На меня смотрели насмешливые глаза — тёмные, как глубина моря, блестящие каким-то древним знанием, чуть ироничные, чуть печальные.
— И что? — спросила женщина.
— Но я вижу красавицу! Ничто в вас нет от горгоны! Кун ошибался! И Овидий, и Евгемер, и многие другие! Они никогда не видели вас!
Эвриала чуть усмехнулась, уголки губ дрогнули:
— Вы меня ещё плохо знаете. Если надо, я могу превратиться в это чудовище — мало никому не покажется! Не стоит меня обижать!
— У меня есть на крайний случай это, — я достал мотоциклетные очки своего учителя. — Или для вас это не помеха? У вас есть тот же дар, что и у сестры Медузы, не так ли? Вы применили его, когда остановили китайскую армию более двух тысяч лет назад, превратив в терракотовых солдат.
— Не отрицаю… — тихо, но твёрдо произнесла Эвриала. — Афина «наградила» нас по-разному чарами окаменения… Меня в меньшей степени. Но вот возвращать своё тело в человеческое мы способны… А вы что, движимы желаниями Персея? Хотите повесить мою голову на свой щит, как это сделала Афина? Или как Александр Великий, которому богиня подарила голову моей бедной сестры? Или Темурленг, хромоногий завоеватель, что требовал и от меня помощи в войне? Мне пришлось откупать её у македонского полководца, да только Афина отобрала у меня и вернула голову потомкам Персея для вечного хранения…
В её голосе слышался вызов, словно из глубины веков поднималась древняя обида. Тёмные глаза, прежде печальные, теперь смотрели настороженно, тяжело, будто примеряя: враг перед ней или союзник; в их глубине сверкнула сталь, а зрачки на миг сузились, словно змеиные.
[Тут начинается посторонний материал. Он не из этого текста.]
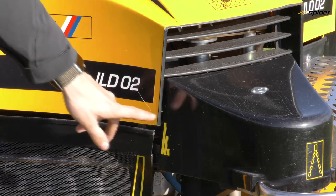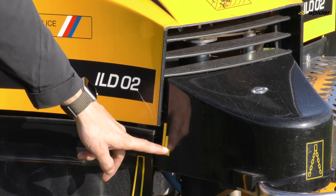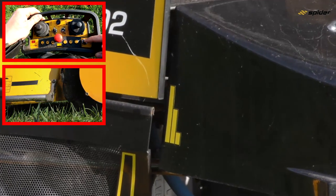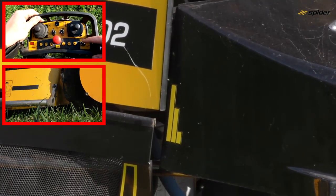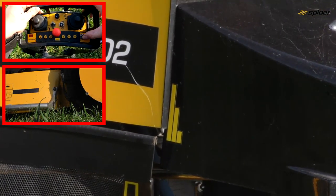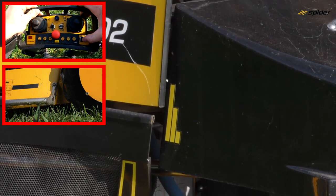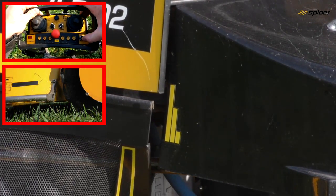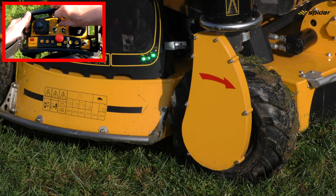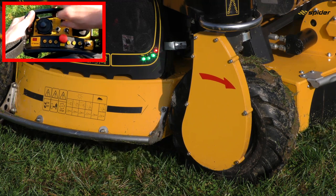The height of cut adjustment range — high, medium, and low — is shown on the corner cover stickers. Activate the height of cut adjustment toggle switch on the transmitter to set the desired height. Pressing the toggle switch down lowers the height of cut; pressing it up increases the height. Press the blades on switch on the transmitter and increase the RPMs to 100%.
Я поспешил поднять ладони, успокоить:
— Нет, я пришёл к вам с миром… Много лет назад я услышал рассказ своего учителя о том, как Медуза спасла его и людей. И я решил найти все концы этой истории. И чистая случайность привела к вам… Я умею хранить тайны, Эвриала… Я знаю, что голова Медузы хранится у племянницы Бераноса…
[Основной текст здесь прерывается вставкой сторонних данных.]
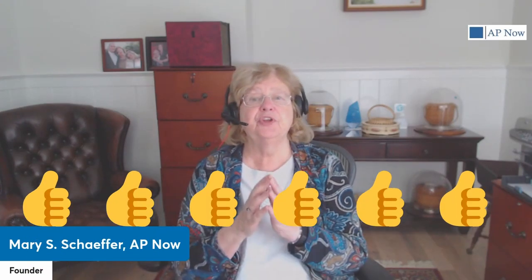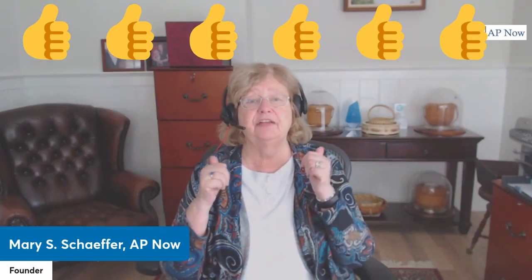Before we get to the last few, if you're getting value from this talk, I'd love it if you would hit the like or thumbs up button. It sends a message that you're getting value from this and that I should make more content like it.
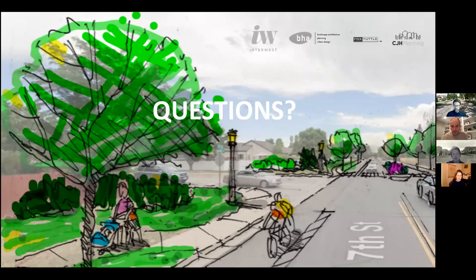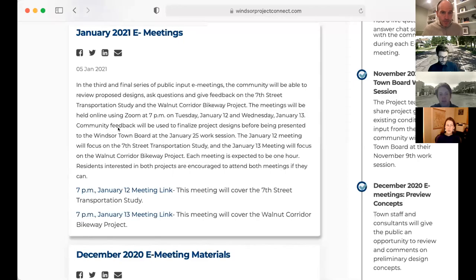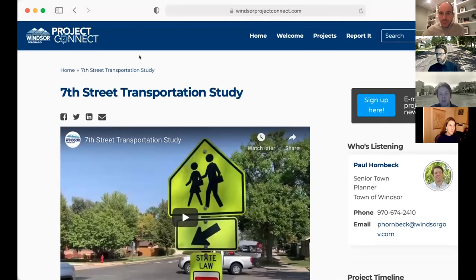We'll pause there for any questions, then I'll turn it over to the design team. There's a chat function — if you have questions, please type those in. There's also a pull-down when you do the chat function, and we'd prefer if you could do it to all panelists and attendees so everyone can see your questions, and we'll try to get those answered.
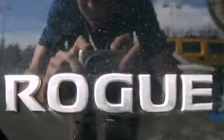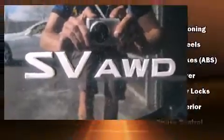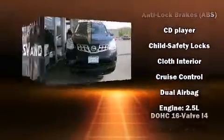The following features are included: a tachometer, a trip computer, an outside temperature display, and a split folding rear seat.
Женщина улыбнулась, губы дрогнули мягче, взгляд потеплел. Она сделала лёгкий шаг назад, распахивая дверь:
— Тогда входите и удивляйтесь тому, что услышите…
Я переступил порог, нисколько не сомневаясь в своём выборе.
…Прошло много лет после той встречи, и я не сожалею об этом. Да, мне известна одна из величайших тайн прошлого, которая тянется нитью до настоящего и скрыта в будущем, мне не ведомом. Только это уже не главное. У меня на руках трое сыновей и одна дочь. На стеллаже моего кабинета под стеклянным колпаком стоят мотоциклетные очки — немой знак памяти о Викторе Анатольевиче. На кухне готовит нам вкусные обеды моя супруга Эвриала, напевая что-то весёлое на греческом, к примеру: «;;; ;;;;; ;; ;;;;;;» — старинную песнь о мосте, что держится ценой человеческой жизни.
Я знаю: она будет жить и после меня, но меня это не волнует, не печалит. Ведь я — смертный, этим всё сказано. Успокаивает, что мои дети останутся с ней рядом, сопровождая в вечность. И где-то со звёздного неба на нас смотрит Медуза Горгона, куда душа ушла по велению Зевса. И, может, там, нашёл успокоение и мой учитель Виктор Анатольевич Серых.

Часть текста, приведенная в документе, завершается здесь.